A polishing pad comprising a resin sheet having fine holes,
In the pore distribution of the resin sheet measured by mercury intrusion porosimetry with a contact angle of 130° and a mercury surface tension of 485 dyn/cm, the cumulative pore volume V in the pore diameter range of 0.100 μm or more and 10.0 μm or less is 0.020 cm ³ /g or more and 0.100 cm ³ /g or less,
The density of the resin sheet is 0.9 g/cm ³ or more and 1.3 g/cm ³ or less. 2. The polishing pad according to claim 1, wherein in the pore distribution of the resin sheet, an integrated pore volume V' in the pore diameter range of 0.050 μm or more and less than 0.100 μm is 0.000 cm ³ /g or more and 0.120 cm ³ /g or less. 3. The polishing pad according to claim 1, wherein in the pore distribution of the resin sheet, the ratio of the cumulative pore volume V to the cumulative pore volume V ₀ in the pore diameter range of 0.100 μm to 360 μm is 50% or more. The polishing pad according to any one of claims 1 to 3, wherein in the pore distribution of the resin sheet, the ratio of the cumulative pore volume V to the cumulative pore volume V ₀ ' in the pore diameter range of 0.050 μm or more and 360 μm or less is 50% or more. The polishing pad according to any one of claims 1 to 4, wherein the peak position of the maximum peak in the pore diameter range of 0.100 μm or more and 360 μm or less in the pore distribution of the resin sheet is within the pore diameter range of 0.100 μm or more and 10.0 μm or less.
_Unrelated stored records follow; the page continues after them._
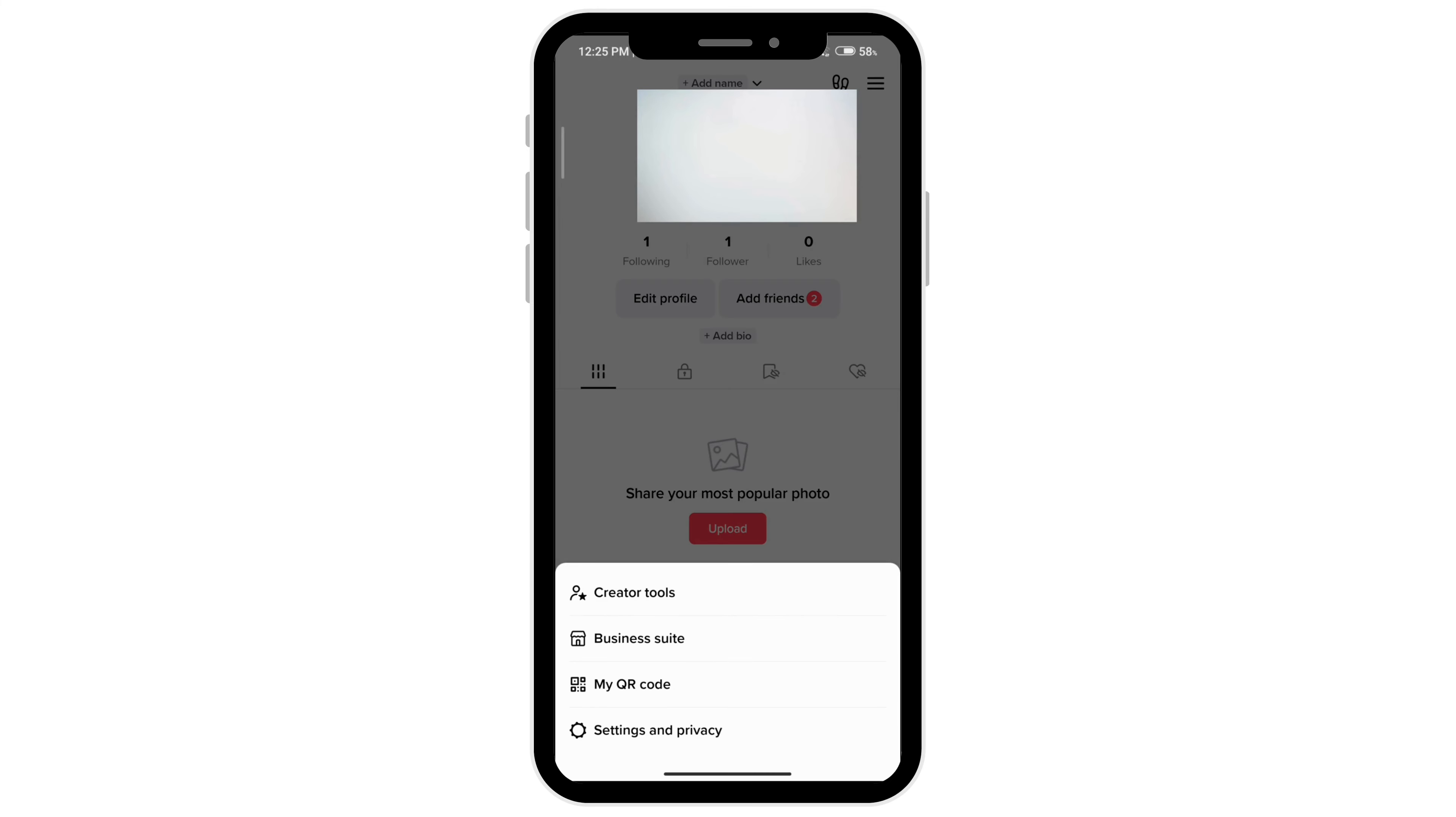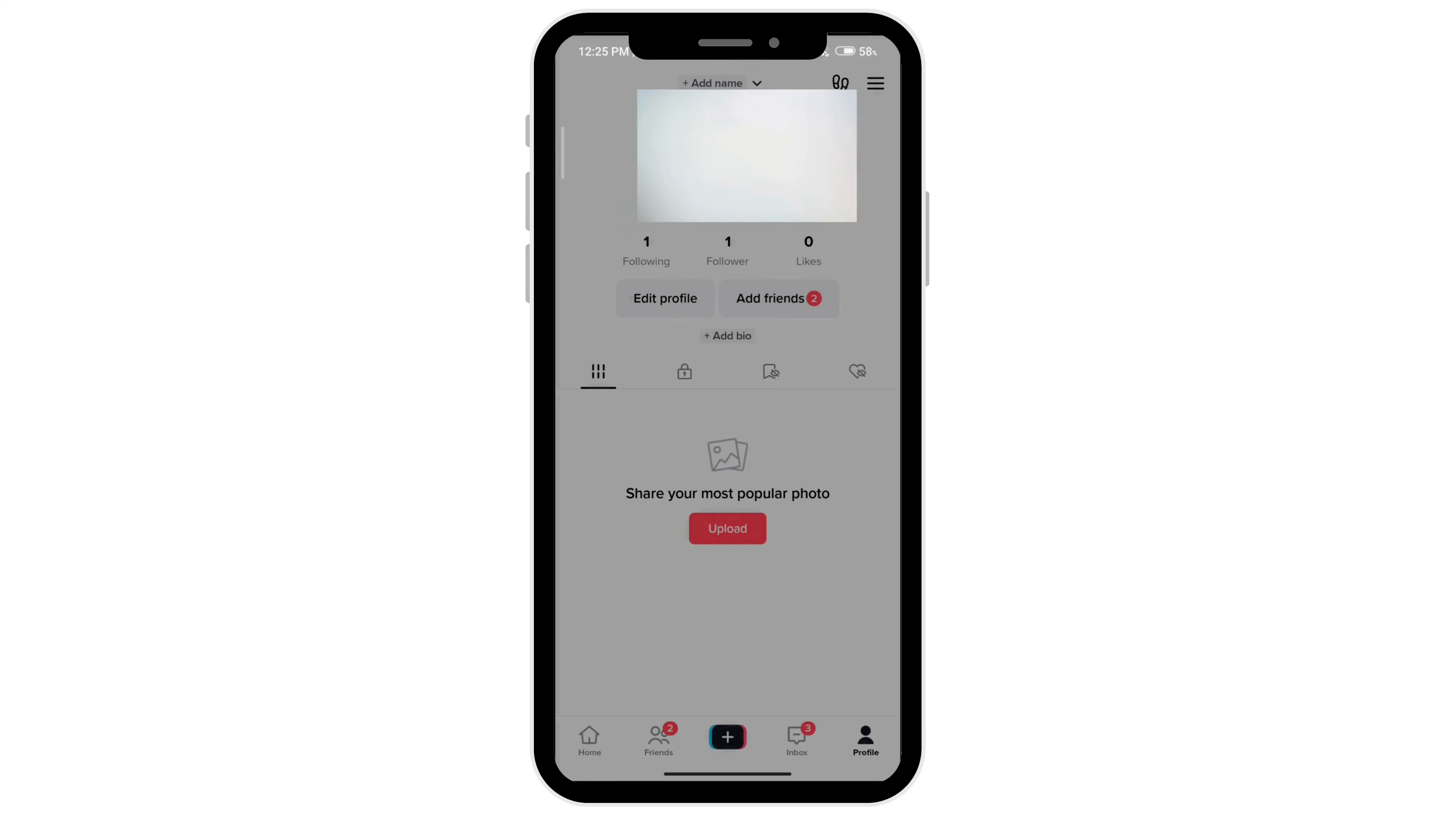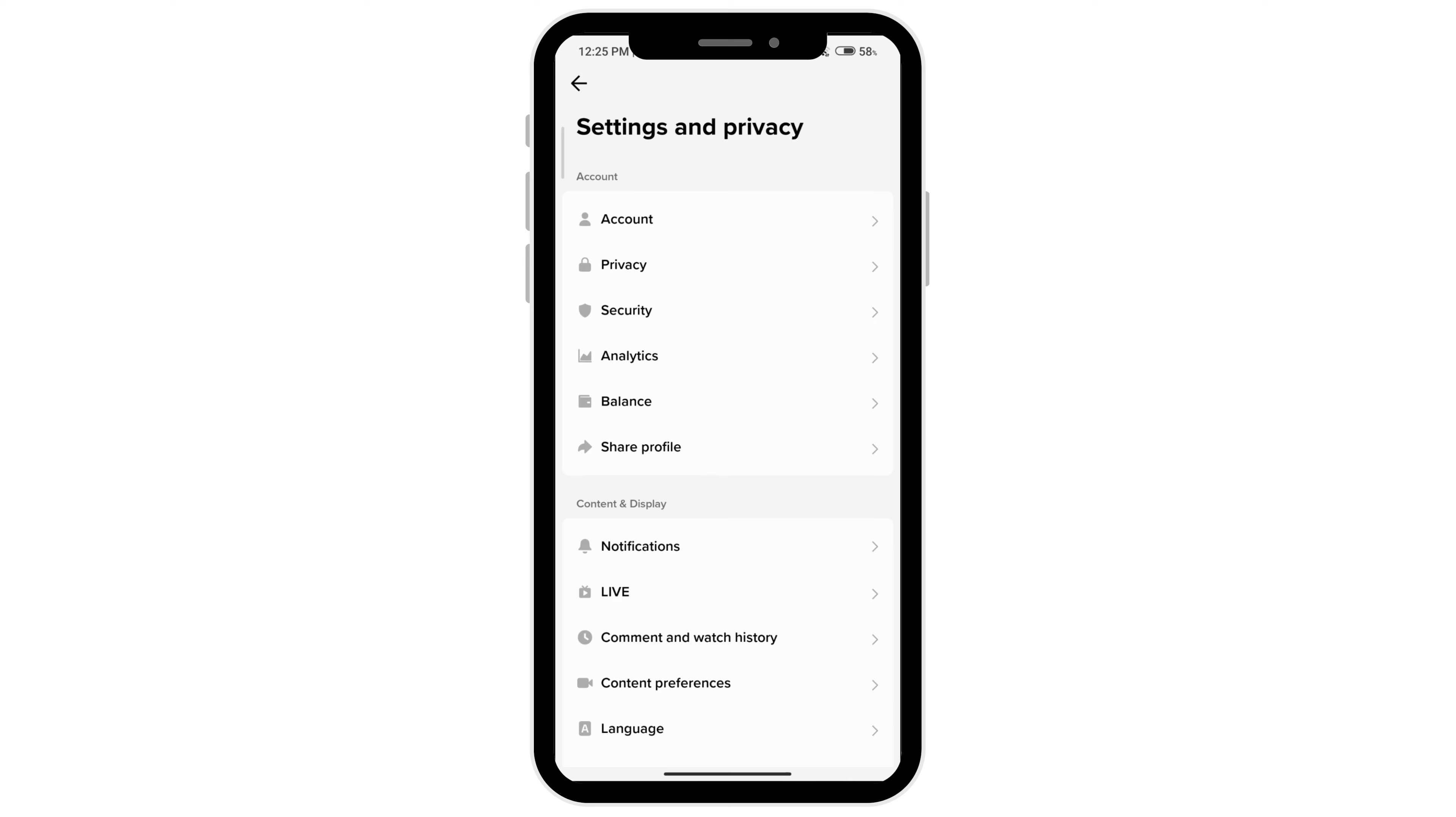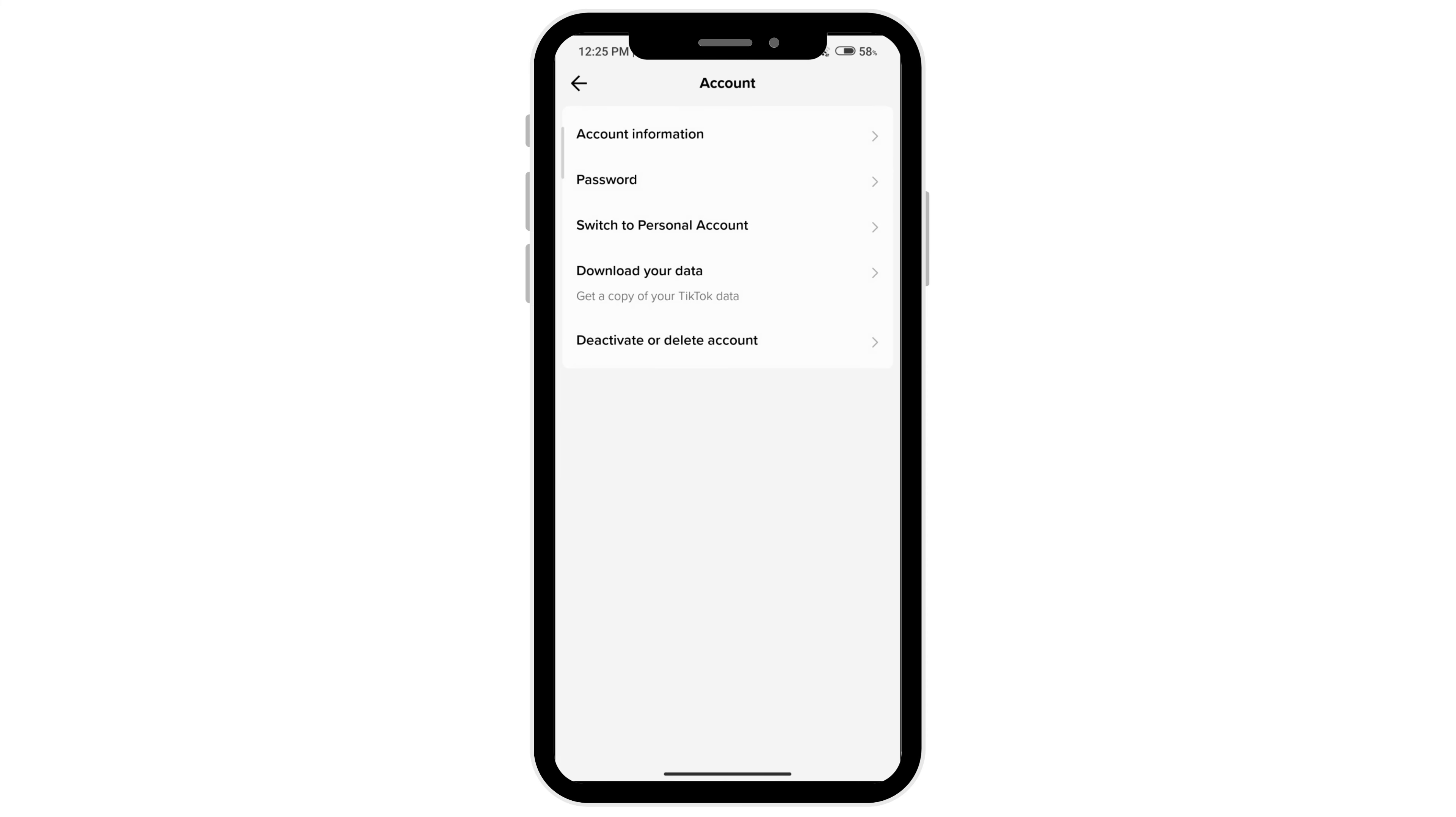Go to settings and privacy, then go to account. You'll see the download your data option, so click on that.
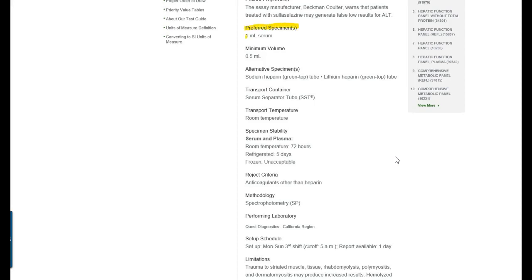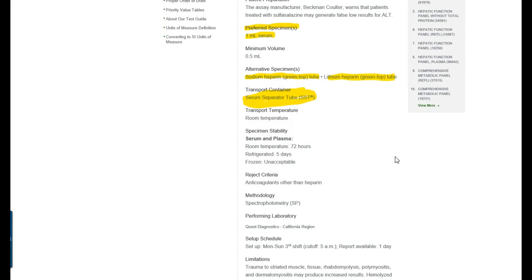So this is how you look for the tube color. The tube colors are actually listed here. The preferred specimen is always where what you want to go for for tube color. So it tells you that the preferred specimen is one ml of serum which means that you can use either a red tube which produces serum or an SST tube which is noted here. So if you draw in an SST tube you can just leave it in this SST tube which is what it says here you can transport in an SST tube. If you don't have any red or SST tubes available to you, you can also draw it in a sodium heparin green top tube or in a lithium heparin green top tube.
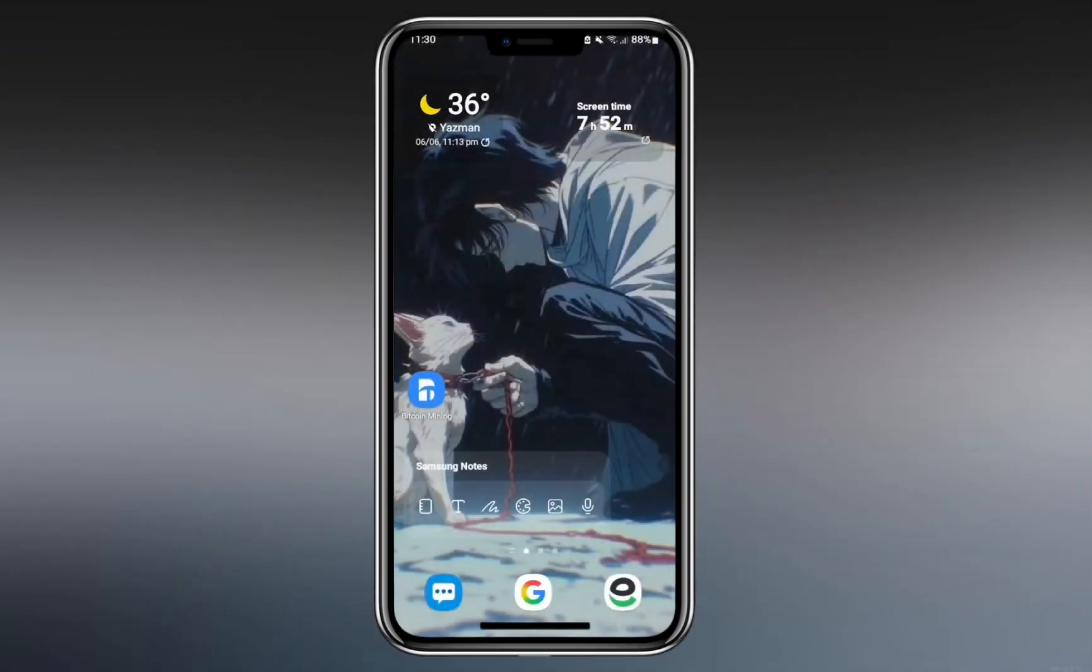Is the Bitcoin Miner app legit, or is it just another crypto scam? In this video, I will tell you everything you need to know before you risk your time or money.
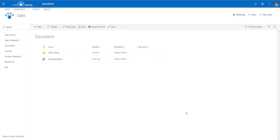Hello, this is Greg from SharePoint Maven. In today's video I would like to explain to you how to link to documents from within a SharePoint document library.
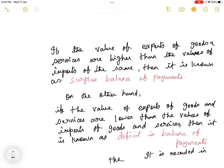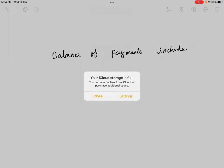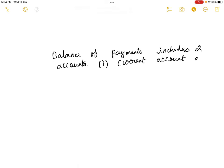The Balance of Payments is recorded in the trading account of the country. Balance of Payments includes two accounts: one is the Current Account, and another one is the Capital Account.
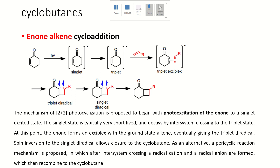Next is cyclobutanes. In order to synthesize cyclobutanes, commonly we use enone-alkene cycloaddition type of reactions. These reactions are typically 2+2 cycloaddition reactions — another version which follows Woodward-Hoffmann rules, which you might be familiar with.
The polishing pad according to any one of claims 1 to 5, wherein the peak position of the maximum peak in the pore diameter range of 0.050 μm or more and 360 μm or less in the pore distribution of the resin sheet is within the pore diameter range of 0.050 μm or more and 10.0 μm or less. 7. The polishing pad according to claim 1, wherein the pore distribution of the resin sheet has an integrated pore volume V ₀ in the pore diameter range of 0.100 μm or more and 360 μm or less of 0.040 cm ³ /g or more and 0.120 cm ³ /g or less. 8. The polishing pad according to claim 1, wherein the pore distribution of the resin sheet has an integrated pore volume V ₀ ' in the pore diameter range of 0.050 μm or more and 360 μm or less of 0.040 cm ³ /g or more and 0.200 cm ³ /g or less. The polishing pad according to any one of claims 1 to 8, wherein the resin sheet has a microphase-separated structure. The polishing pad according to any one of claims 1 to 9, wherein the resin sheet contains polyurethane. A polishing pad comprising a resin sheet having fine holes,
In the pore distribution of the resin sheet measured by mercury porosimetry with a contact angle of 130° and a mercury surface tension of 485 dyn/cm, the cumulative pore volume V'' in the pore diameter range of 0.050 μm or more and 10.0 μm or less is 0.020 cm ³ /g or more and 0.140 cm ³ /g or less,
The density of the resin sheet is 0.9 g/cm ³ or more and 1.3 g/cm ³ or less. A method for producing the polishing pad according to any one of claims 1 to 11, comprising:
A method for producing a polishing pad, comprising the step of curing a mixed liquid of at least one prepolymer and at least two curing agents to obtain a resin sheet having a microphase-separated structure. 13. The method for producing a polishing pad according to claim 12, wherein the curing agent comprises a first curing agent having an NH ₂ equivalent of 100 or more and 300 or less, a second curing agent having an OH equivalent of 200 or more and 500 or less, and a third curing agent having an OH equivalent of 1000 or more and 2000 or less. A method for producing a polished workpiece, comprising a polishing step of polishing an object to be polished using the polishing pad described in any one of claims 1 to 11 in the presence of a polishing slurry.